Top of The data
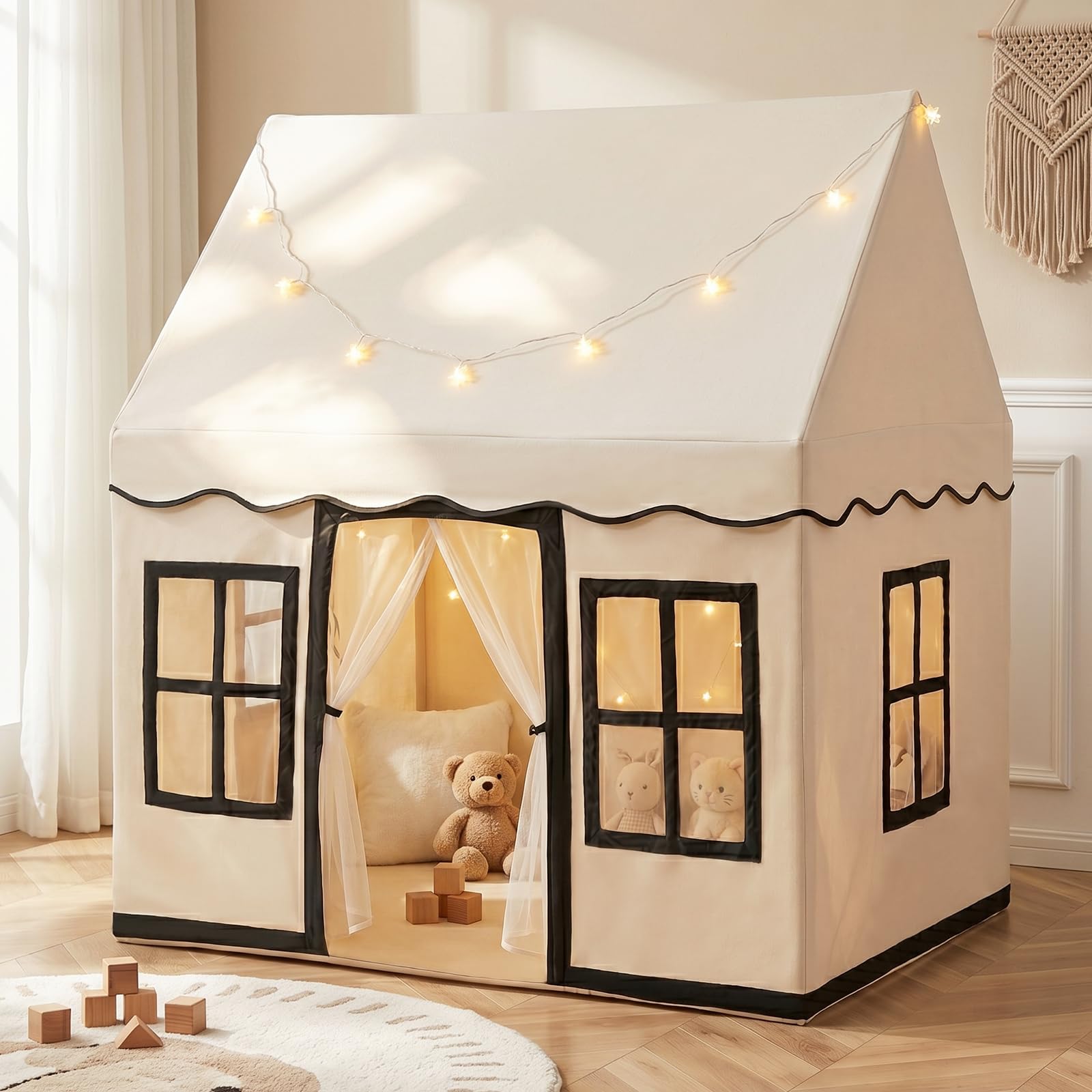 INFANS Kids Tent with Padded Mat, Star Lights, Side Storage, 4 Windows, Indoor and Outdoor Toddler Playhouse for Boys Girls (Black)
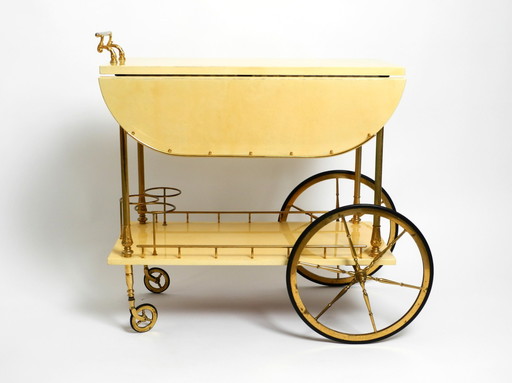 Large 1960S Aldo Tura Serving Bar Cart Covered With Goat Leather In Beige Yellow | Made In Italy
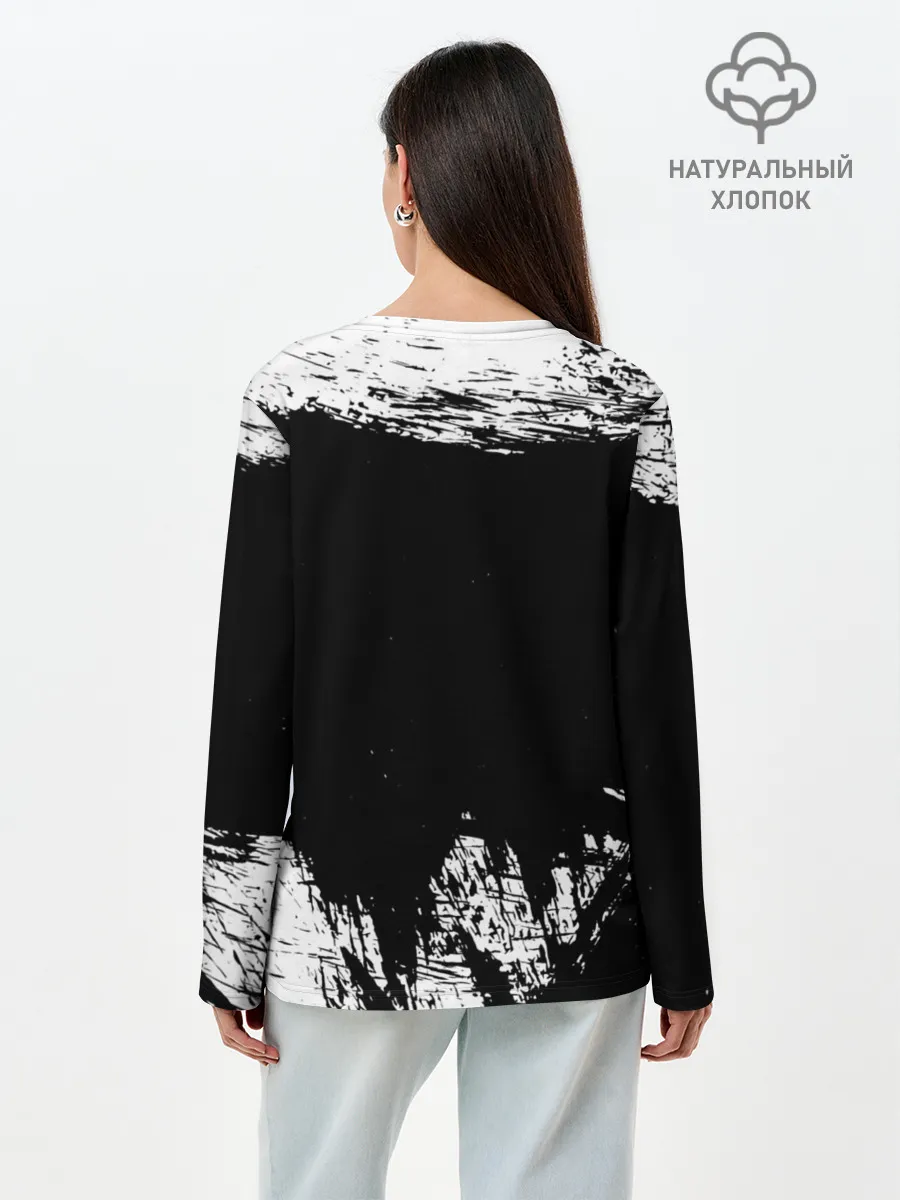 Лонгслив женский. Хлопок / Черный Аста Чёрный клевер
Bottom of The data
> _Your assignment_
Write the listing out exactly, apart from its pictures.

> _Exercise response_
 INFANS Kids Tent with Padded Mat, Star Lights, Side Storage, 4 Windows, Indoor and Outdoor Toddler Playhouse for Boys Girls (Black)
 Large 1960S Aldo Tura Serving Bar Cart Covered With Goat Leather In Beige Yellow | Made In Italy
 Лонгслив женский. Хлопок / Черный Аста Чёрный клевер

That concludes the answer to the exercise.